#### Exercise data:
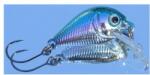 Strike Pro Vobler Strike Pro Crazy Plankton EG-182 352E, 2.1cm, 1.2g (SP.EG182.C352E)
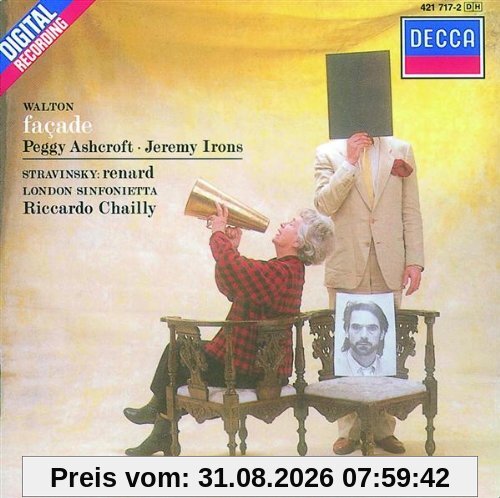 Renard-Walton-Facade-Chailly
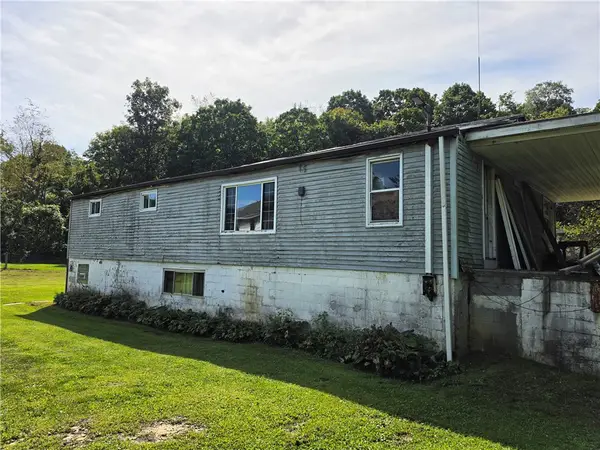 287 Luxor Rd, Greensburg, PA 15601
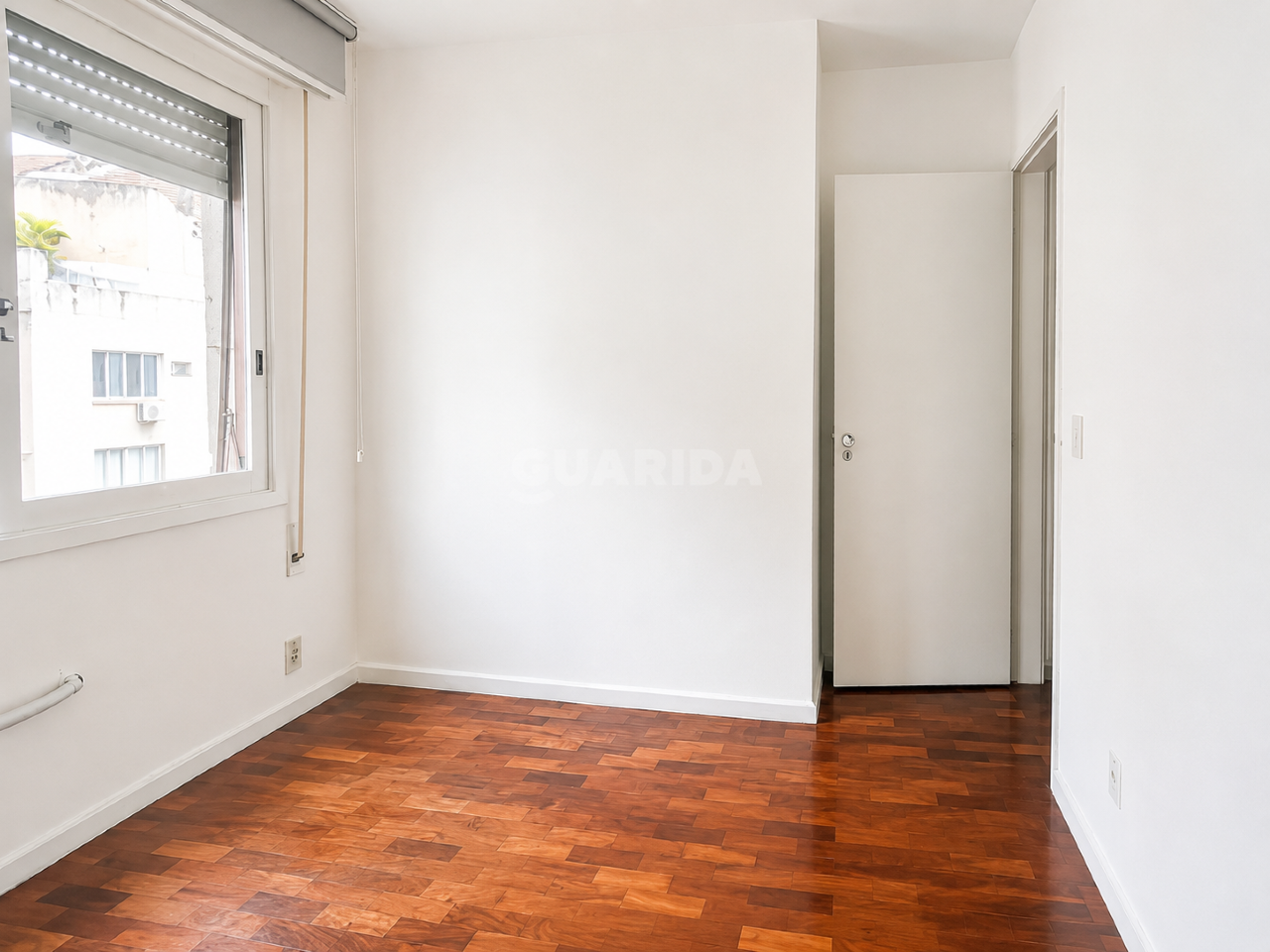 Apartamento para alugar em Rua Vicente da Fontoura, 2547 - foto 18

#### Problem:
Skipping the images, write out the whole listing exactly.

#### Solution for this problem:
 Strike Pro Vobler Strike Pro Crazy Plankton EG-182 352E, 2.1cm, 1.2g (SP.EG182.C352E)
 Renard-Walton-Facade-Chailly
 287 Luxor Rd, Greensburg, PA 15601
 Apartamento para alugar em Rua Vicente da Fontoura, 2547 - foto 18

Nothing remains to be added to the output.